== SUPPLIED RECORDS ==
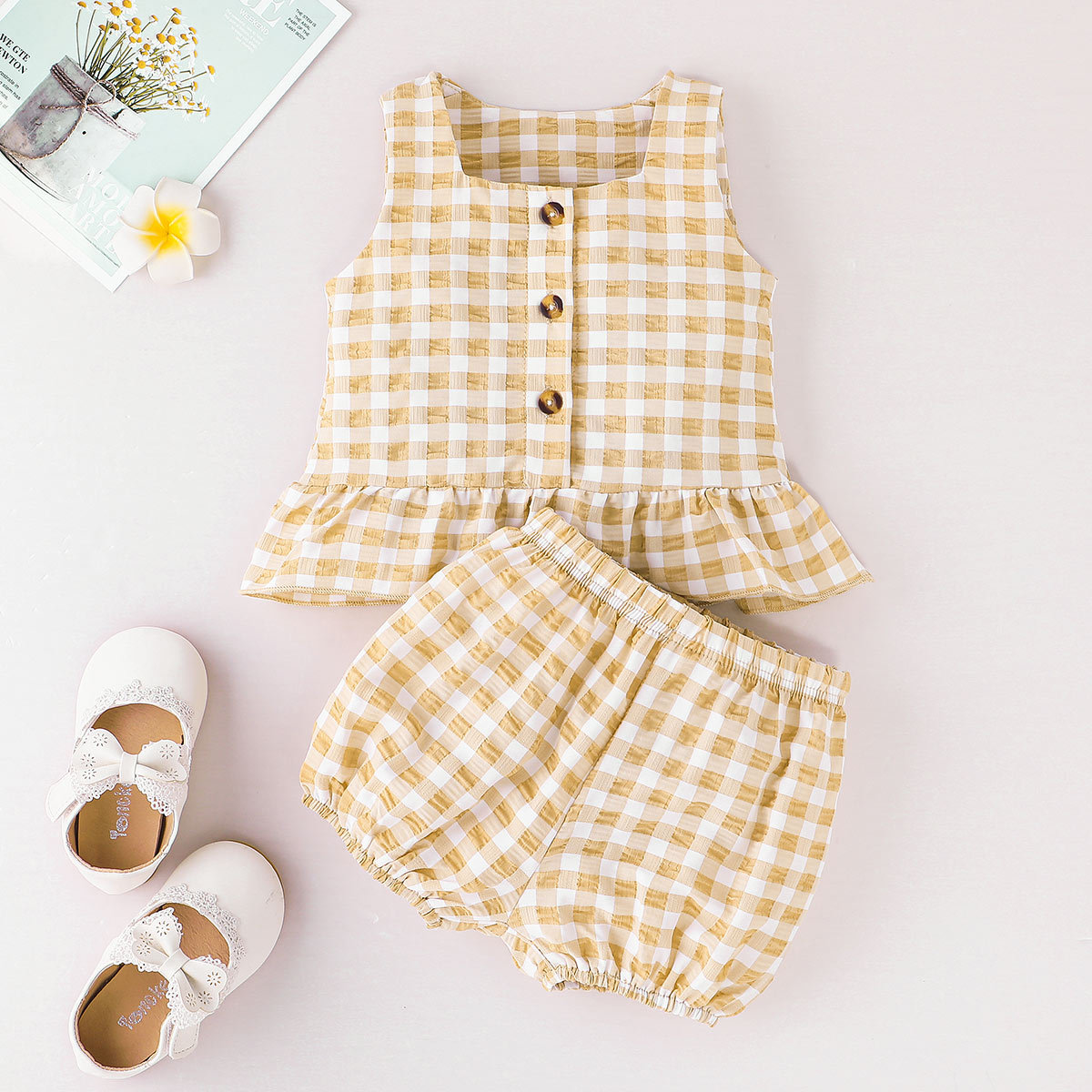 Baby Girl Plaid Sleeveless Top And Shorts Wholesale-Baby Clothes Suit -babiesclotheswholesale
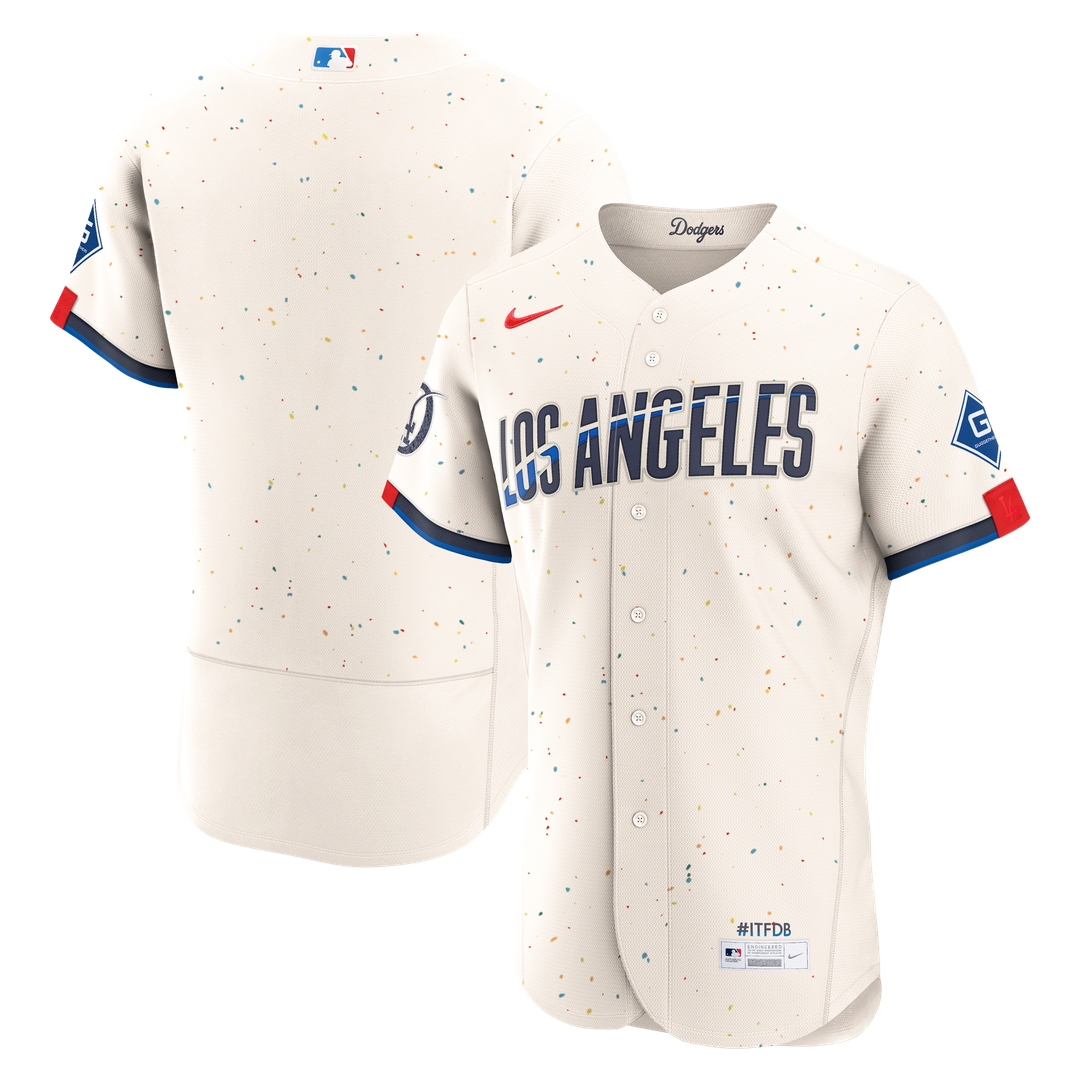 Los Angeles Dodgers Nike City Connect Authentic Sponsor Patch Jersey - Cream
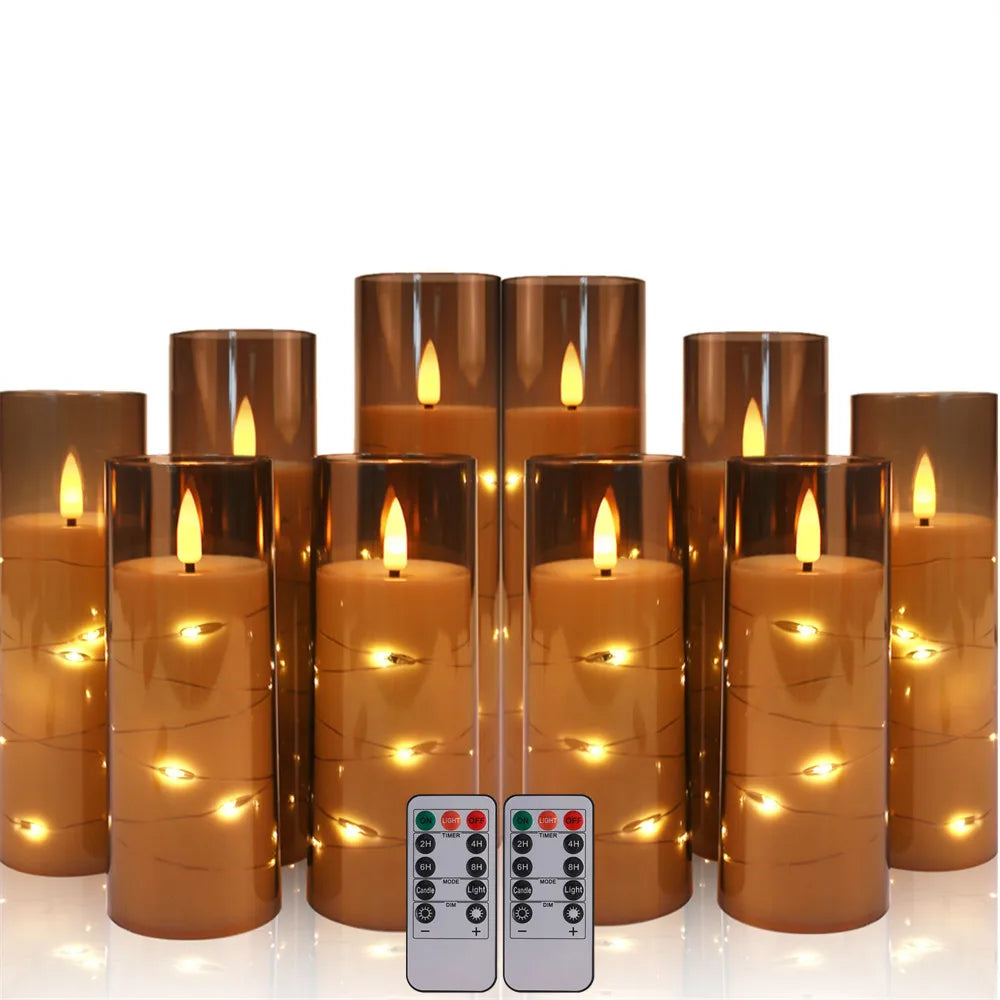 Flameless LED Pillar Candles Set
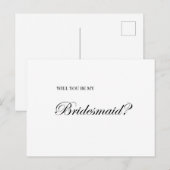 Werden Sie meine Bridesmaid-Vorschlagskarte sein Postkarte (Vorne/Hinten)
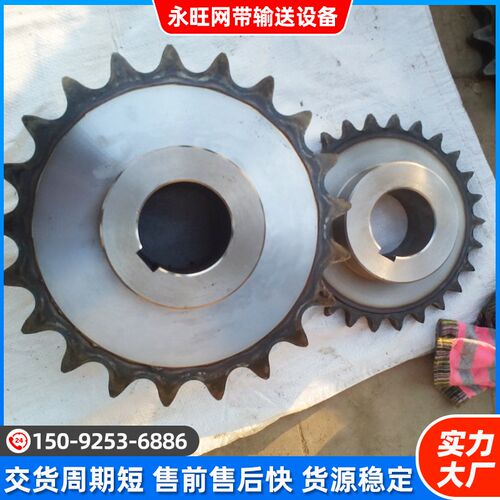 不锈钢链轮齿轮工业传动双节距单双排08a12a双排齿轮4分轴承链轮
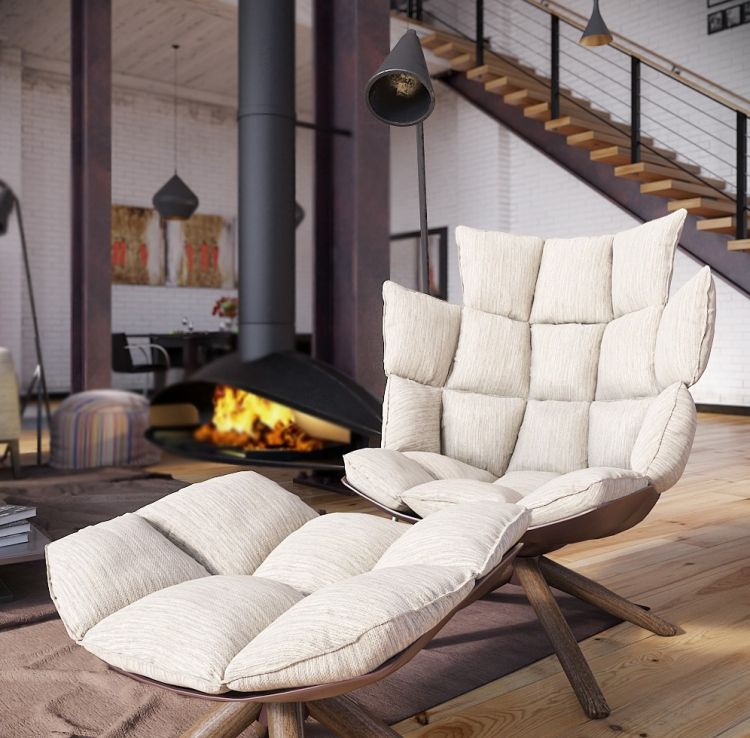 مدفأة مفتوحة - أرضية - كرسي بذراعين - تنجيد - سلالم - تصميم صناعي - خشب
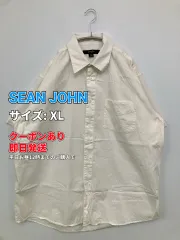 SEAN JOHN ショーンジョン シャツ/ブラウス XL アイボリー コットン 無地 ミドル丈 半袖 レギュラーカラー メンズのサムネイル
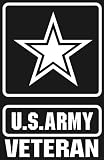 U.S. ARMY VETERAN STAR Logo white window or bumper sticker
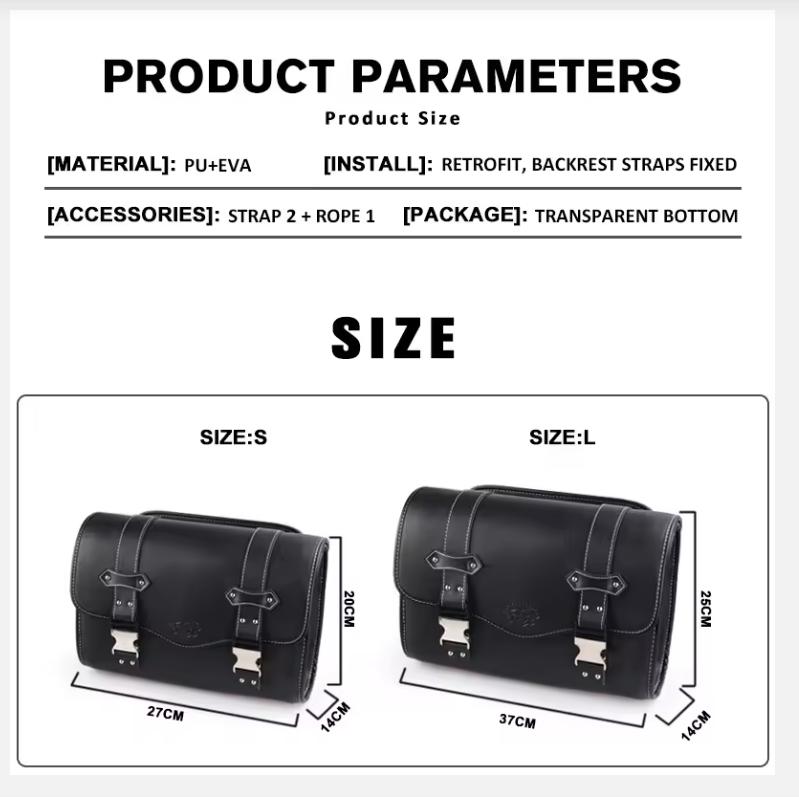 Motorcycle Saddlebag Side Bag Retro PU Motorcycle Tool Bag For ADNOH Rebel 250 500 For Rebel 1100 300 For W400 W650 SR400 XL883L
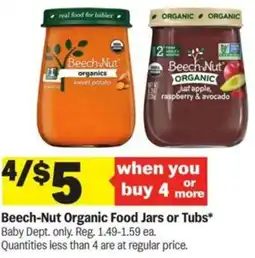 Meijer Beech-Nut Organic Food Jars or Tubs offer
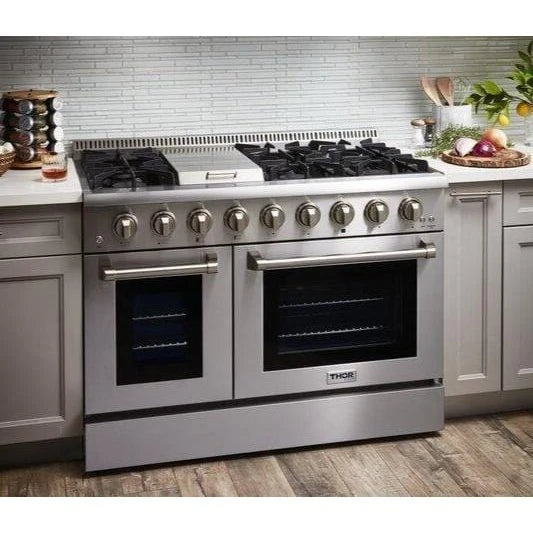 Thor Kitchen Appliance Package - 48 in. Gas Burner/Electric Oven Range, Range Hood, Refrigerator, Dishwasher, AP-HRD4803U-3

== WHAT IS NEEDED ==
What is needed is the listing above, repeated verbatim, without its images.

== YOUR SOLUTION ==
 Baby Girl Plaid Sleeveless Top And Shorts Wholesale-Baby Clothes Suit -babiesclotheswholesale
 Los Angeles Dodgers Nike City Connect Authentic Sponsor Patch Jersey - Cream
 Flameless LED Pillar Candles Set
 Werden Sie meine Bridesmaid-Vorschlagskarte sein Postkarte (Vorne/Hinten)
 不锈钢链轮齿轮工业传动双节距单双排08a12a双排齿轮4分轴承链轮
 مدفأة مفتوحة - أرضية - كرسي بذراعين - تنجيد - سلالم - تصميم صناعي - خشب
 SEAN JOHN ショーンジョン シャツ/ブラウス XL アイボリー コットン 無地 ミドル丈 半袖 レギュラーカラー メンズのサムネイル
 U.S. ARMY VETERAN STAR Logo white window or bumper sticker
 Motorcycle Saddlebag Side Bag Retro PU Motorcycle Tool Bag For ADNOH Rebel 250 500 For Rebel 1100 300 For W400 W650 SR400 XL883L
 Meijer Beech-Nut Organic Food Jars or Tubs offer
 Thor Kitchen Appliance Package - 48 in. Gas Burner/Electric Oven Range, Range Hood, Refrigerator, Dishwasher, AP-HRD4803U-3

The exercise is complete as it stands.